Anthrax found in 26 drinking wells in India

A group of students from Palamur University in Andhra Pradesh, India, found deadly anthrax bacteria in the ground water of more than 26 habitations during research for a project.
Pawan Kumar, the head of the department of microbiology, sent the students to nearby villages to obtain water samples of colored water from open water bodies to test in the laboratory. After examining the water, Kumar suspected that the samples contained Bacillus anthracis, the bacteria that causes anthrax. The Center for Cellular and Molecular Biology confirmed his fears, the Deccan Herald reports.
“The water has Bacillus anthracis bacteria which causes anthrax, a zoonotic disease that is transmissible to humans through handling or consumption of contaminated animal products,” Kumar said, according to the Deccan Herald.

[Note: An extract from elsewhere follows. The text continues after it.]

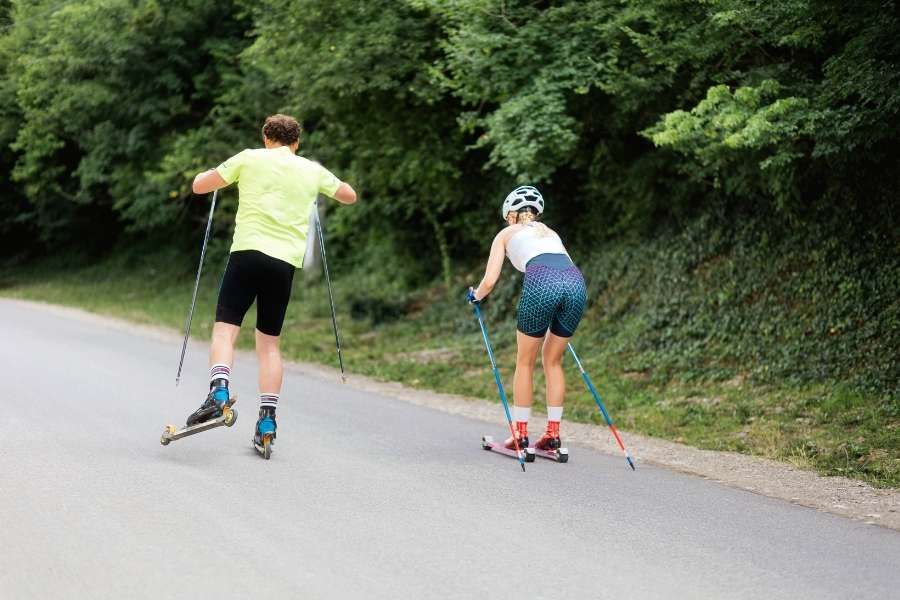 Two athletes roller skiing on path as part of Olympic training cross-country program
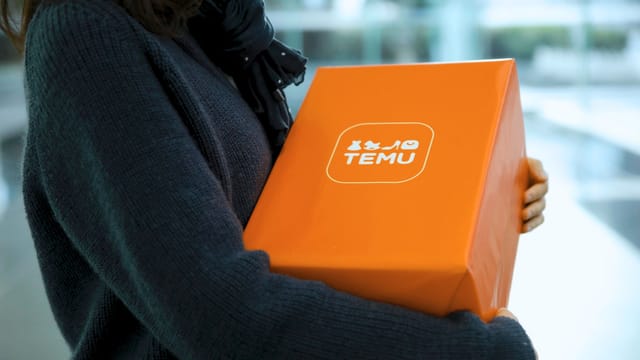 A person holding an orange TEMU box, symbolizing online shopping and delivery indoors.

The water samples were collected from Kodangal, Midjil, Papireddyguda, Khillaghanapuram, Atmakur, Aamanagallu, Lingala, Devarakonda and Alampur. The water had been contaminated from raw sewage, animal and blood products.
“The villagers in these places, even in a tourist spot such as Alampur, drink this water day in and day out," Venkat Reddy, a student, said, the Deccan Herald reports. "They are suffering from unknown diseases, many with ulcers so we want to go further and seek protected water for our people."
Humans can become infected with anthrax by handling products or consuming undercooked meat from infected animals. Infections can also occur from inhaling spores in contaminated anthrax products or in the intentional release of spores during a bioterrorist attack.